▸ **WHAT THIS TASK INVOLVES**:
Please repeat exactly the lines from the one containing "YIJIANUO 6pairs Compressie" through the last line of the records below, both included, and leave out any pictures.

▸ **TASK DATA**:
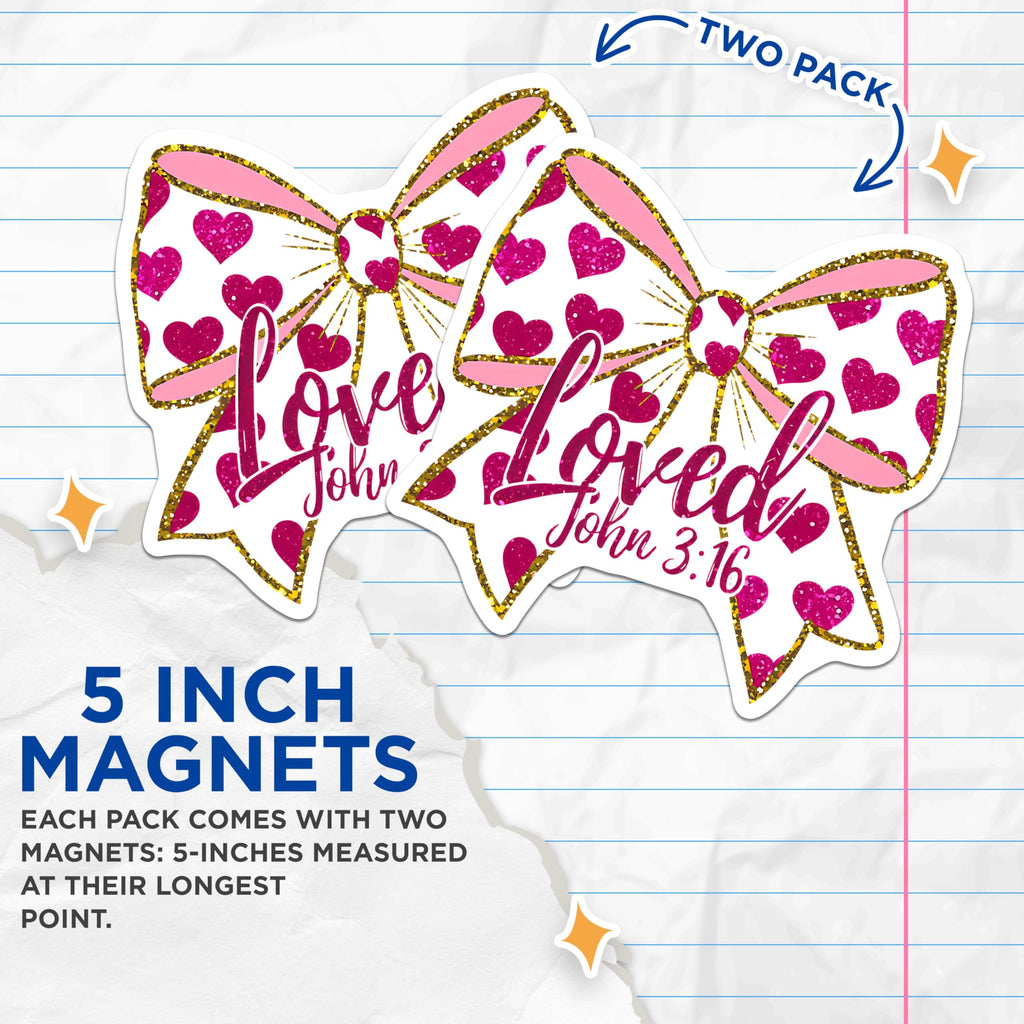 (2 Pack) Loved John 3:16 Magnets - Faith Heart Bow Magnets - Christian Decor Magnets - 5" On Longest Side - for Cars, Refrigerators, Toolboxes, Lockers - Made in USA BMCS3079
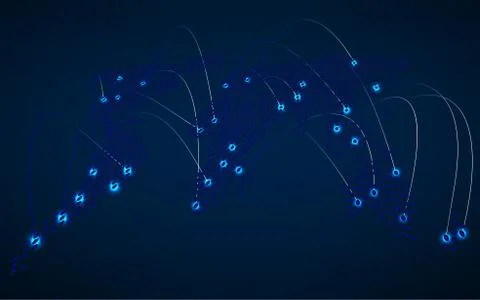 Abstract world map with glowing radial dots, network connection. Vector Stock Illustration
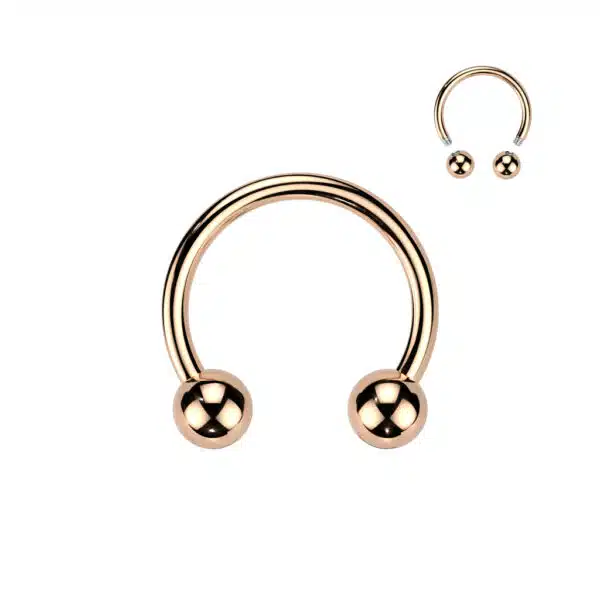 Circular Barbell – Roségoud IP over Chirurgisch Staal - Afbeelding 2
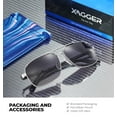 thumbnail image 4 of Xagger Polarized Square Aviator Sunglasses for Men Classic Driving Fishing Golf Metal Frame UV400 Sun Glasses, 4 of 6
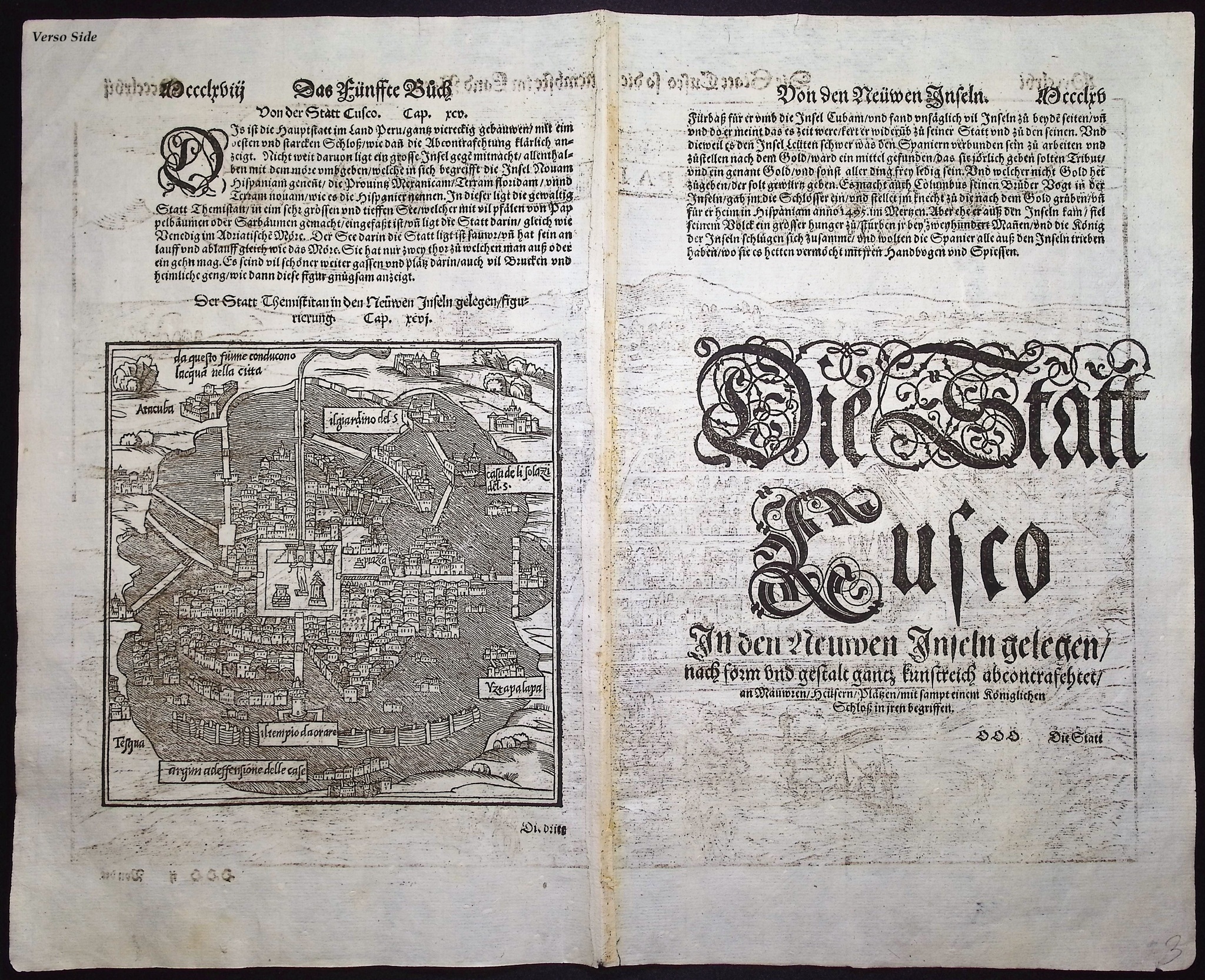 Munster, pub. 1578 - View of Cusco, Peru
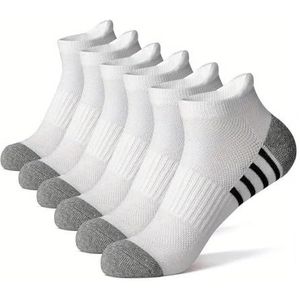 YIJIANUO 6pairs Compressie Athletic Sokken voor heren, casual hardloopsokken, mesh ademend, vochtafvoerende zweetafvoerende sportsokken, 6 paar wit, EU38-44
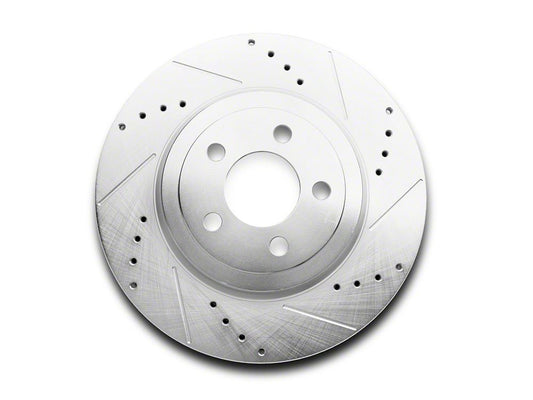 C&L Super Sport Cross-Drilled and Slotted Rotor; Front Passenger Side (09-23 Challenger GT, R/T, Rallye Redline, SXT & T/A w/ Dual Piston Front Calipers; 2011 Challenger SE w/ Dual Piston Front Calipers)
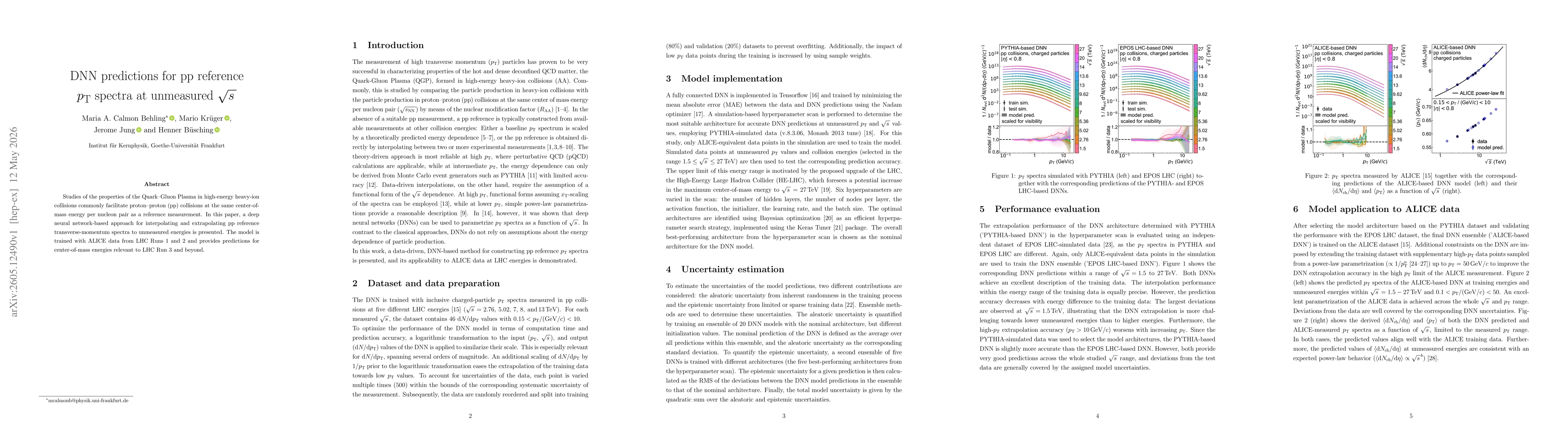 Thumbnail for DNN predictions for pp reference $p_\mathrm{T}$ spectra at unmeasured $\sqrt{s}$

▸ **EXERCISE SOLUTION**:
 YIJIANUO 6pairs Compressie Athletic Sokken voor heren, casual hardloopsokken, mesh ademend, vochtafvoerende zweetafvoerende sportsokken, 6 paar wit, EU38-44
 C&L Super Sport Cross-Drilled and Slotted Rotor; Front Passenger Side (09-23 Challenger GT, R/T, Rallye Redline, SXT & T/A w/ Dual Piston Front Calipers; 2011 Challenger SE w/ Dual Piston Front Calipers)
 Thumbnail for DNN predictions for pp reference $p_\mathrm{T}$ spectra at unmeasured $\sqrt{s}$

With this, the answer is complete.